WHAT TO PRODUCE –
Each line, starting at the one with "Floral Pleated Mini Skirt" and running to the end of the data below, is to be set down again exactly, both ends included; leave pictures out.

GIVEN DATA –

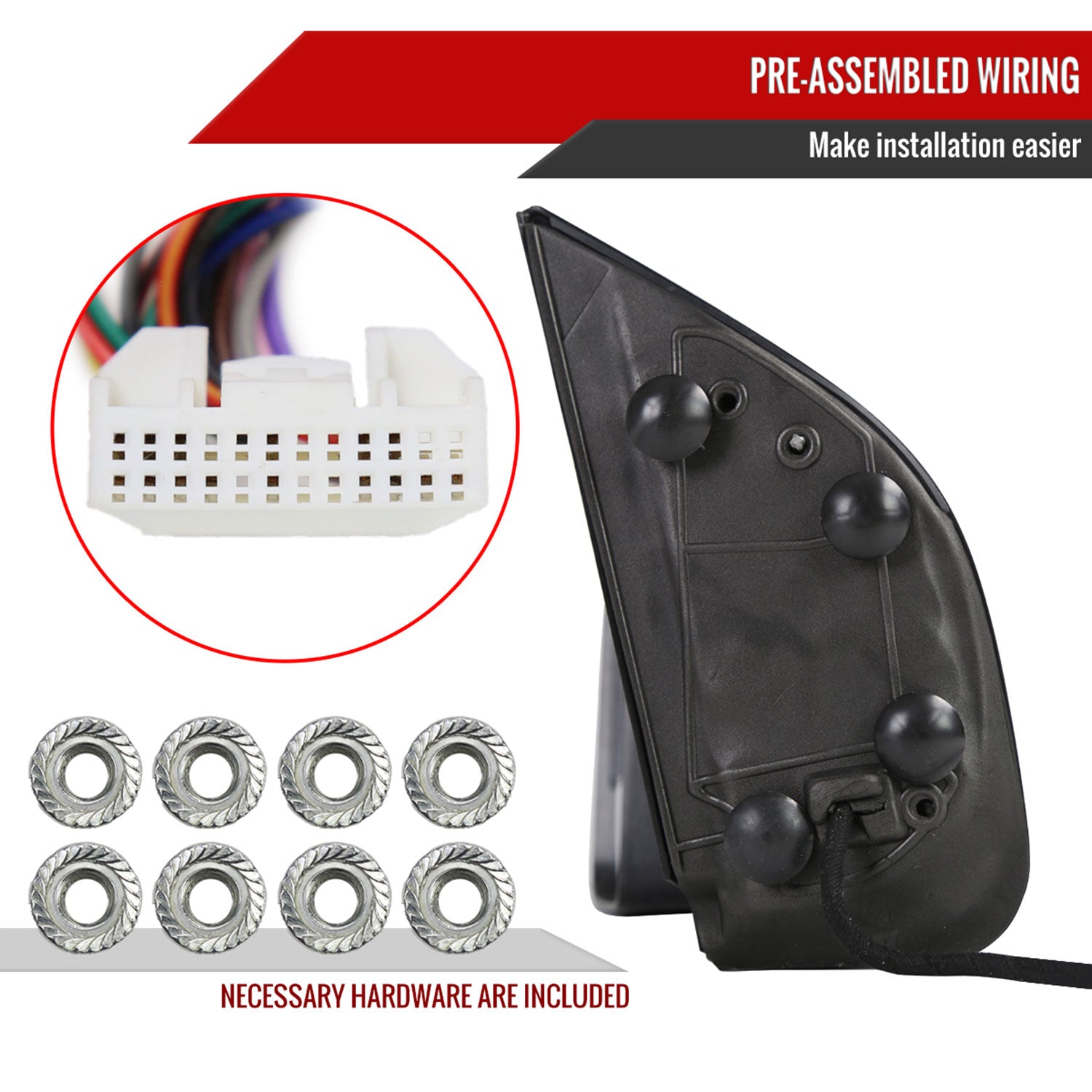 2016-2022 Nissan Titan BSM Memory Fuction & Manually Black Towing Mirrors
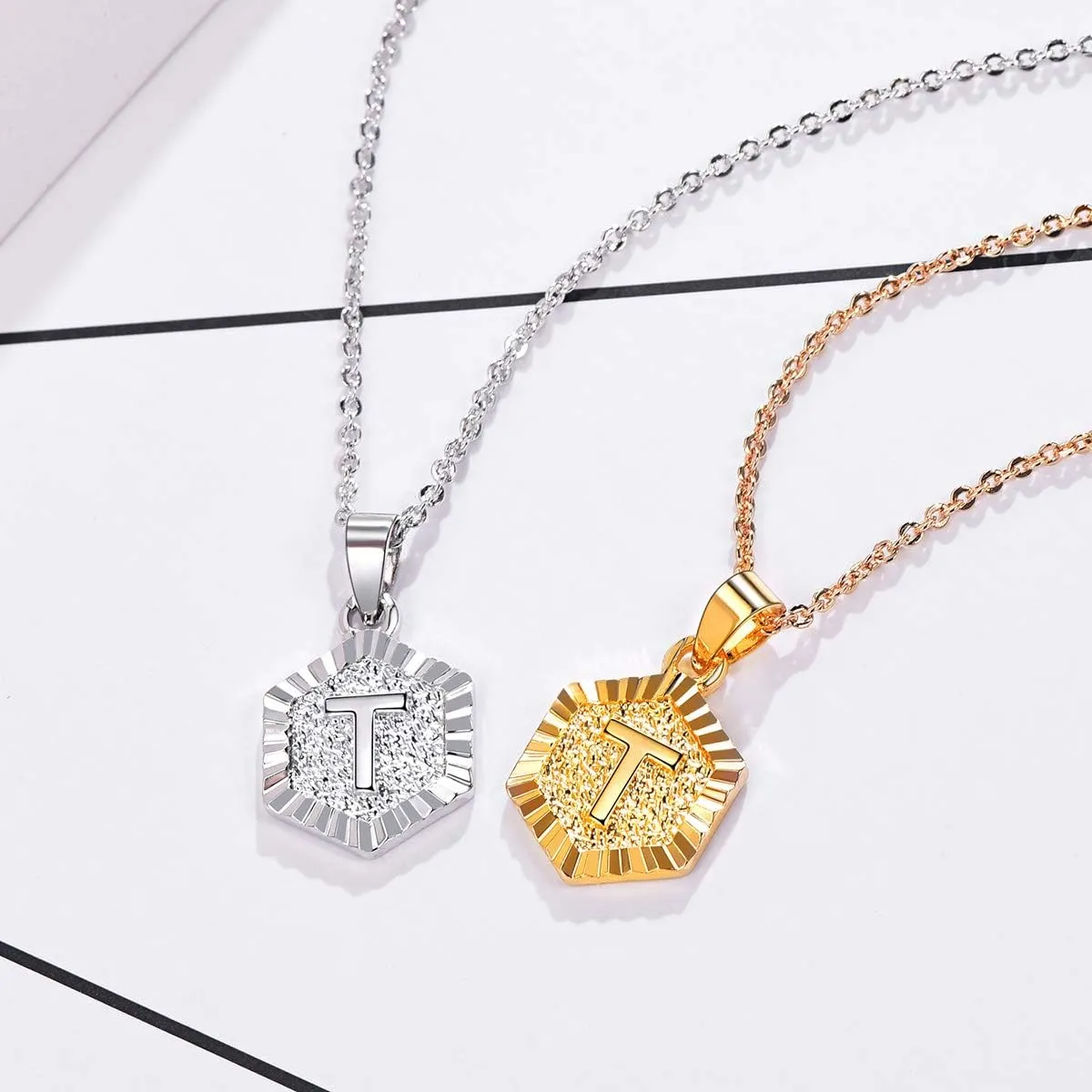 FOCALOOK Initial Necklaces for Women Yellow Gold/Platinum Plated Hexagon Letter Pendant Necklace 18 Inch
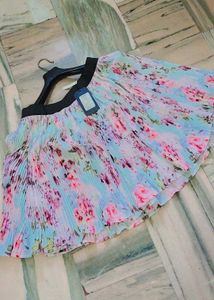 Floral Pleated Mini Skirt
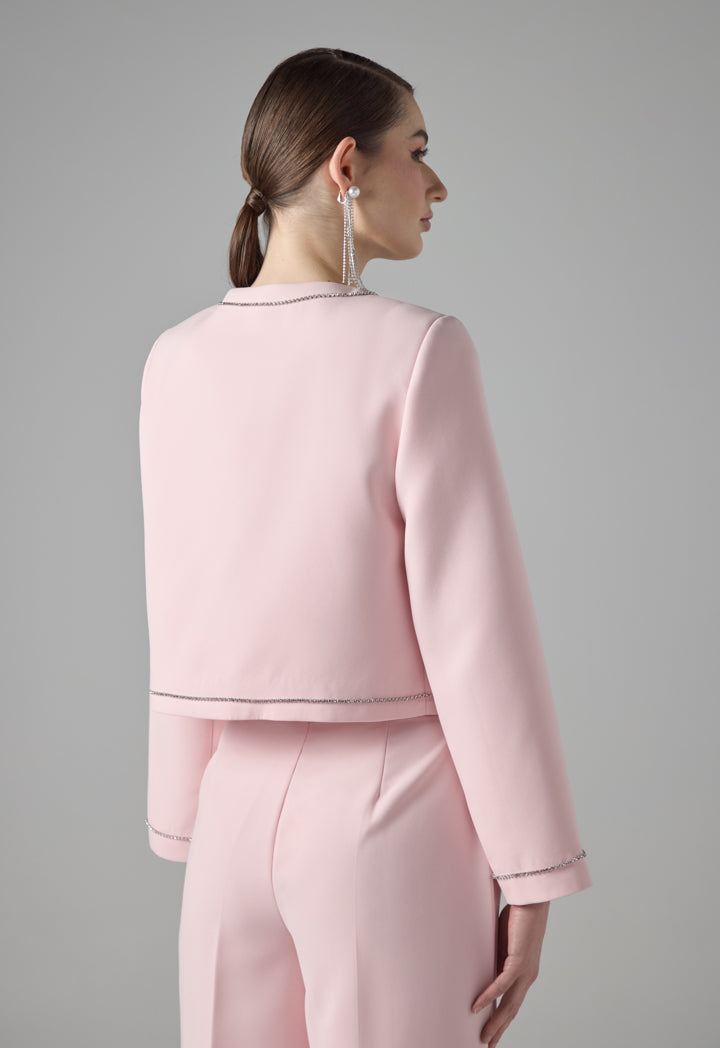 Choice Long Sleeve Crystal Embellished Jacket Pink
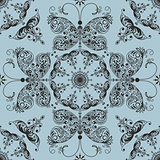 Vector floral seamless spring pattern with butterflies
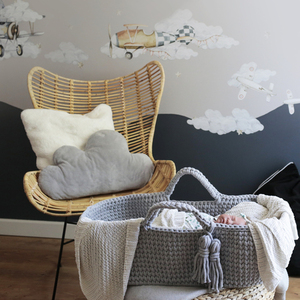 Happy Moses Moses basket crocheted cotton cord light grey 75 cm small 3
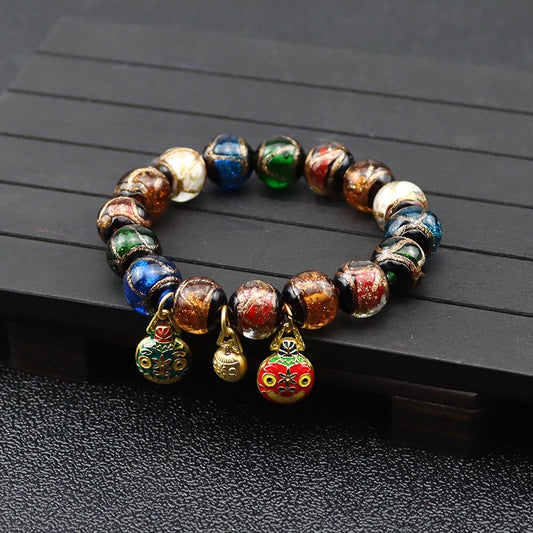 Fragrant Gray Colored Glaze Bracelet Colorful Multi-treasure Swallowing Beast Gold Silk Glass Bead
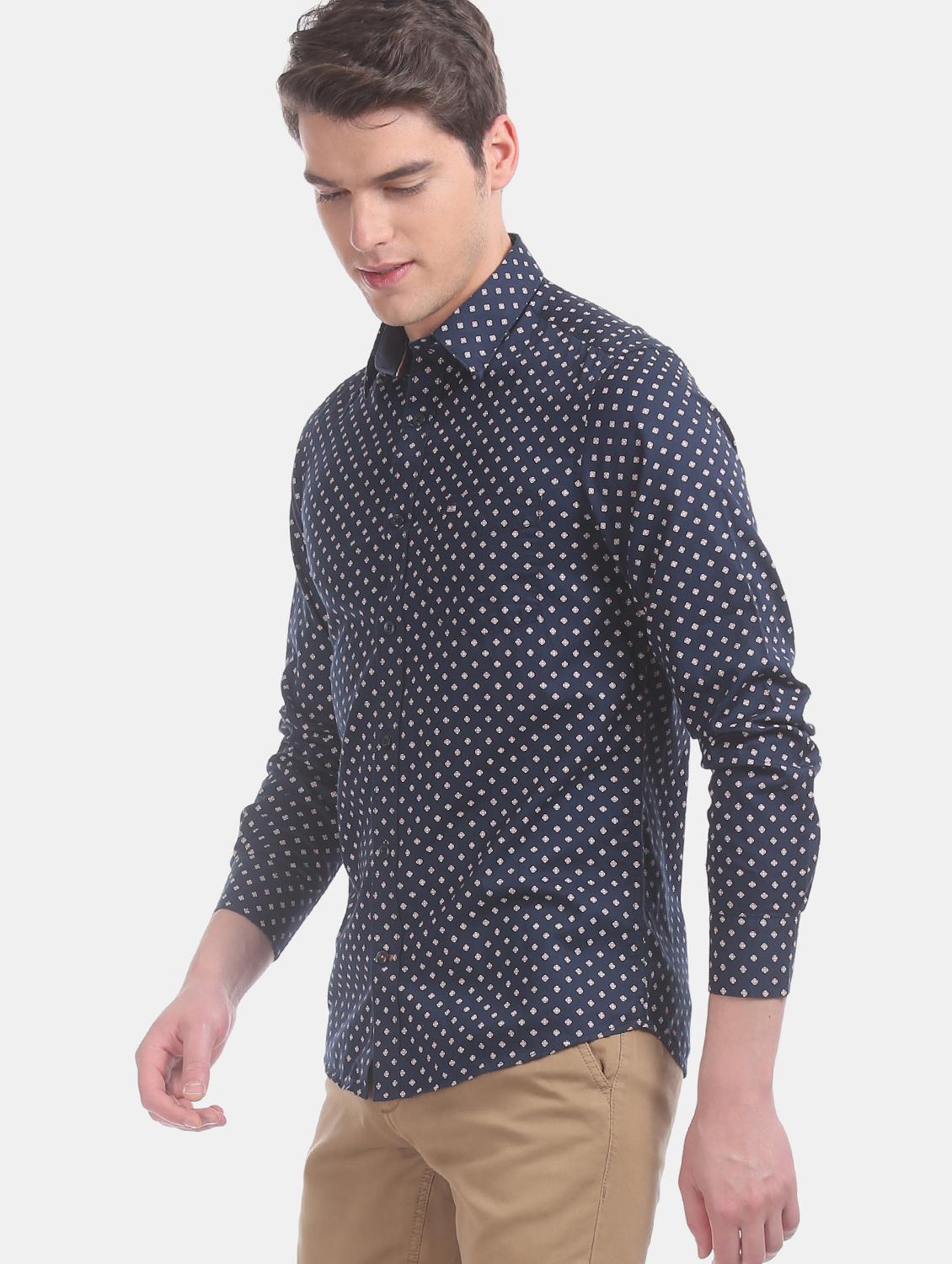 blue printed casual shirt - 17617162 - Zoom Image - 3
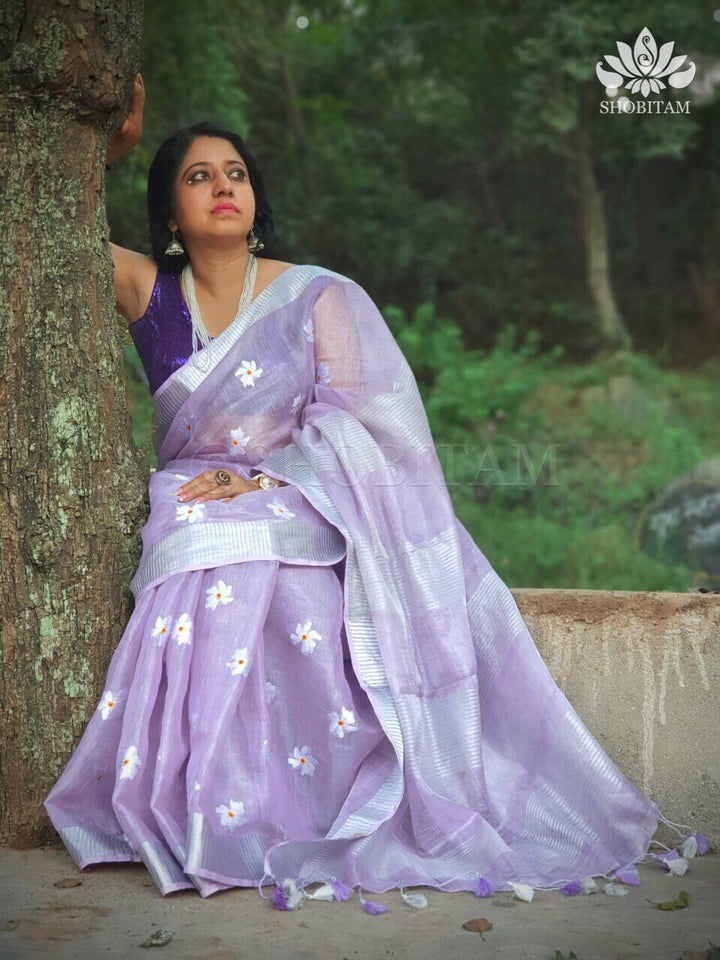 Lavender Parijaat Flower Embroidery Tissue Linen Saree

WRITTEN ANSWER –
 Floral Pleated Mini Skirt
 Choice Long Sleeve Crystal Embellished Jacket Pink
 Vector floral seamless spring pattern with butterflies
 Happy Moses Moses basket crocheted cotton cord light grey 75 cm small 3
 Fragrant Gray Colored Glaze Bracelet Colorful Multi-treasure Swallowing Beast Gold Silk Glass Bead
 blue printed casual shirt - 17617162 - Zoom Image - 3
 Lavender Parijaat Flower Embroidery Tissue Linen Saree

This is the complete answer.